Technical information
- ERP: 25 kW
- Transmitter coordinates: 20°58′30″N 89°37′20″W﻿ / ﻿20.97500°N 89.62222°W

Links
- Website: cadenarasa.com

= XHUL-FM =

Radio station in Mérida, Yucatán, Mexico

XHUL-FM is a radio station on 96.9 FM in Mérida, Yucatan, Mexico. It is owned by Cadena RASA and carries the Los 40 format from Radiópolis.

==History==
XEUL-AM 1360 received its concession on August 31, 1971. It broadcast with 500 watts from Progreso, Yucatán, and was owned by Ester Ávila Alonso. It moved to 930 in Mérida, with 2.5 kW day, in the 1990s and was sold to Radio Progreso de Yucatán in 1997. The station was known as "Radio Barracua" and became a grupera as La Picosita in early 2000s.

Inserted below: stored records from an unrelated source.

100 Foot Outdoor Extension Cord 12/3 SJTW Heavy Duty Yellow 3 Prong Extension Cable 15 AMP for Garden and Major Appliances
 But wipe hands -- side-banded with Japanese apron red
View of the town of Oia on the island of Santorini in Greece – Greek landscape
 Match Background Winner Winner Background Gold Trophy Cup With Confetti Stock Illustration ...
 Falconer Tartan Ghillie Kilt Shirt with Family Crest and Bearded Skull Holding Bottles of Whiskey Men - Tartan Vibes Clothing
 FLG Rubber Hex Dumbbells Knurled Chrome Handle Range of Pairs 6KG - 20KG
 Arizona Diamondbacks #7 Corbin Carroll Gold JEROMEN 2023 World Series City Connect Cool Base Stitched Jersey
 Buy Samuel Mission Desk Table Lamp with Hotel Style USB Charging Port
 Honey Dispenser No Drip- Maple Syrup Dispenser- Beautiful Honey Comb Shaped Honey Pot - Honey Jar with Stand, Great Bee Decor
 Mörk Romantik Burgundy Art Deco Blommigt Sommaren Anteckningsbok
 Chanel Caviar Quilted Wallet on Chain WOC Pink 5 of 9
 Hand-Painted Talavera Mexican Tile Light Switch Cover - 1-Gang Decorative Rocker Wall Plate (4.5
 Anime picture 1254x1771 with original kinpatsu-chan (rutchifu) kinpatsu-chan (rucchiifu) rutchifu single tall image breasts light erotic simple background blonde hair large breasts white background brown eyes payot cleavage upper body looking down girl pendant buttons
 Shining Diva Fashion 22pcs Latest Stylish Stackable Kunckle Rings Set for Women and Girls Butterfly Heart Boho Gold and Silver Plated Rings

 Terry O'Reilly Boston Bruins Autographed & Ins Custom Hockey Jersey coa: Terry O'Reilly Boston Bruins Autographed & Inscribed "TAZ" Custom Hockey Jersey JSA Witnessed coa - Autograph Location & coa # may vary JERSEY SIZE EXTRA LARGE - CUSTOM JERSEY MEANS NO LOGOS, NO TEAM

It migrated to FM after being authorized to move in 2010 and its call sign was changed to XHUL-FM. During the AM-FM migration it became "Átomo 96.9", which lasted until June 1, 2015, when it became the Los 40 station in Mérida; the format had broadcast on XHMYL-FM since 2005.

On January 1, 2023, Cadena RASA moved the Los 40 format and on-air staff from XHUL-FM 96.9 to XHPYM-FM 103.1 and leased XHUL-FM to El Heraldo Radio. The Heraldo programming was dropped on November 29, 2024 and the Los 40 returned to the 96.9 frequency on January 1, 2025.